Depth distribution of soil organic carbon in an Oxisol under different land uses: Stratification indices and multifractal analysis

- Soil organic carbon (SOC) was measured at 2 cm intervals until 130 cm depth.
- SOC profiles were obtained under no-tilled sugarcane (5 and 10 years) and native forest.
- Stratification ratios were highest under continuous cropping during 10 year.
- SOC profiles exhibited quasi-multifractal or multifractal behaviour.
- Highest scaling heterogeneity was for SOC profiles after 10 years untilled sugarcane.

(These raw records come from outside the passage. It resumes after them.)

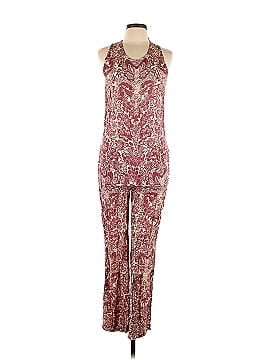 Maurie & Eve Jumpsuit (view 1)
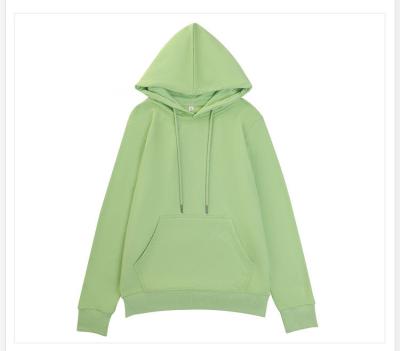 China Anti-pilling hoodies men grown hoodie men sweaters men hoodie for sale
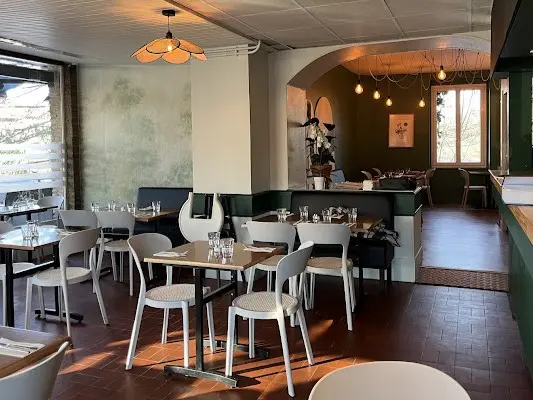 bistrotdespapilles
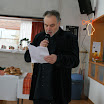 19_Kerstlunch_22-12-10.JPG
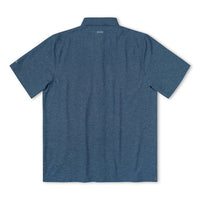 Deep Water Drover Shirt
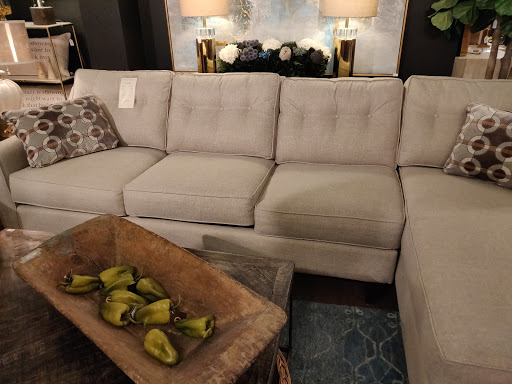 Furniture Store «The Farmhouse Store», reviews and photos, 221 E Broad St, Westfield, NJ 07090, USA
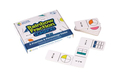 Fractions Game - Rainbow Fraction Dominoes thumbnail
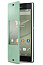 icons_edc707054329b96f58fb17155220b420.jpg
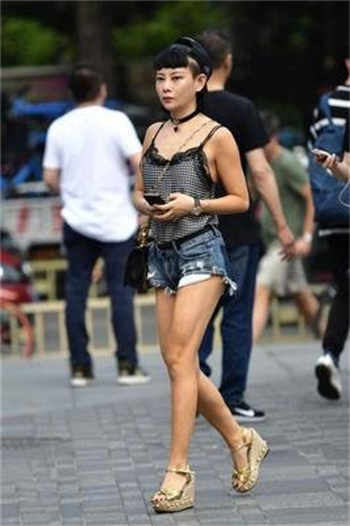 乐播传媒董小宛图片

Understanding the depth distributions of soil organic carbon (SOC) content in a soil profile has become increasingly important to examine land use effects on soil carbon sequestration and soil quality. We addressed the variability of SOC in deep soil profiles under different land uses using the multifractal approach. In addition, classical indices such as proportion of SOC stored at the upper soil horizon and stratification ratios (SR) were used to evaluate organic matter accumulation near to the soil surface. Six soil profiles belonging to a Rhodic Hapludox were sampled at two sites with different textures under three land uses: native forest (NF) and sugar cane managed as continuous cropping, during either 5 (SuCa 5) or 10 (SuCa 10) years. Sixty-five soil samples per profile were analyzed for SOC. Soil carbon storage at the surface horizons and stratification ratios were significantly higher (P < 0.05) under SuCa 10 than under SuCa 5 and NF. Vertical distributions of SOC exhibited various degrees of scaling heterogeneity, so that those under SuCa 10 clearly showed multifractal behavior, while those under SuCa 5 and NF behave as quasi monofractal. In all the SOC depth distributions, the amplitude of the Rényi and singularity spectra was higher for positive than for negative q moments. Multifractal parameters estimated for the most positive moments were negatively correlated to SR, while those for the most negative q moments were best correlated to the proportion of SOC stored at the soil surface. Our results suggest that single scale analysis may not be sufficient to fully characterize vertical variability of SOC content.